Firstly, we have the sanctions on Iran (similar to the naval blockade on Cuba.) Secondly, we see military threats in the form of reinforced American deployment in the Persian Gulf (similar to the high alert called by the US ahead of a possible strike on Cuba.) Thirdly, the US and USSR maintained a secret dialogue channel in 1962 that ultimately allowed the Russians to get off their high horse. It’s unclear whether such channel exists today.

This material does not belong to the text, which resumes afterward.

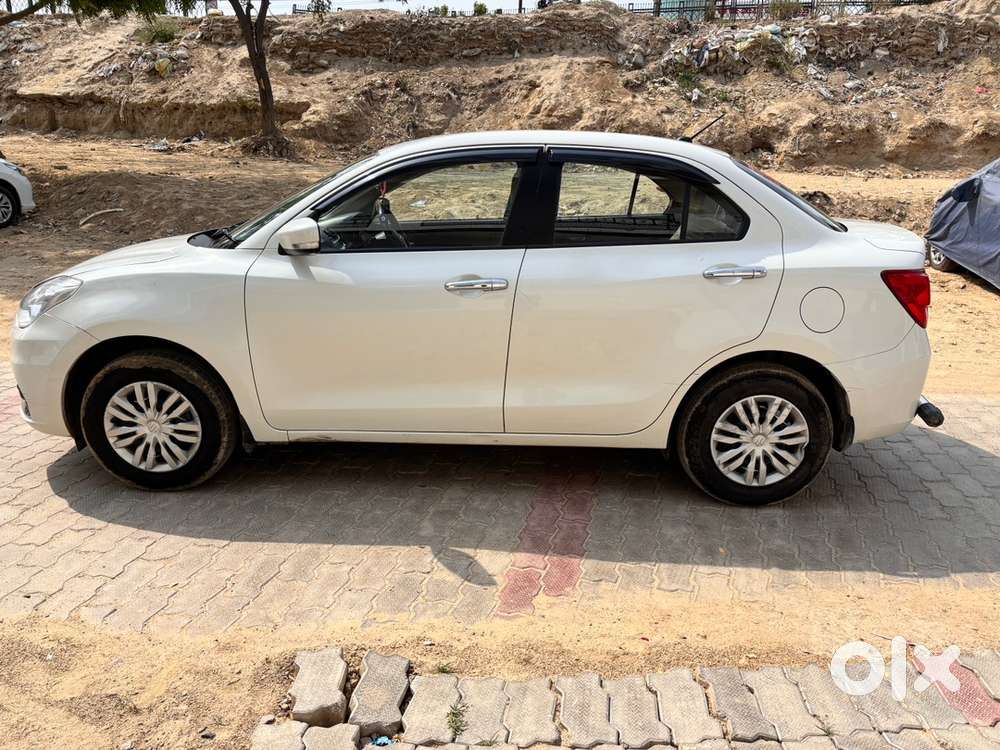 Maruti Swift Dzire 2022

In line with this model, over the weekend both Israel and the US reinforced the military threats. During the Cuban crisis, the Russians treated the American threat as one that may materialize. The Iranians, even after the past weekend, are not there yet. During the Cuban crisis, there was the possibility of a global nuclear war in the immediate range. Nowadays we are talking about the chance of a regional, conventional and non-immediate clash.


Moreover, today it is unclear who truly holds the reigns in handling the crisis. Under the Cuban model, there were two maim actors: President John Kenney and his brother, Robert Kenney. President Obama and Defense Secretary Panetta wish to play the role of the Kennedys in the Iranian crisis. However, they’re not alone: Prime Minister Netanyahu and Defense Minister Barak are also interested in the role.


Meanwhile, the Americans are unwilling to let Israel lead the handling of the crisis. The US and Europe do not accept Israel’s thesis of “now or never.”


In March, the International Atomic Energy Agency (IAEA) will determine whether Iran compiled with the demands presented to it. Should the new inspectors’ report, completed at the end of January, fail to satisfy IAEA chiefs, the way shall be paved for handing over the matter to the UN Security Council. A similar international atmosphere paved the way for the American attack on Iraq in 2003.


For Israel, the IAEA decision in March will be yet another stop in the decision-making process pertaining to the crisis. It is very likely that at that point, Israel will not only place declarations on the table, but rather, back them up with something more tangible.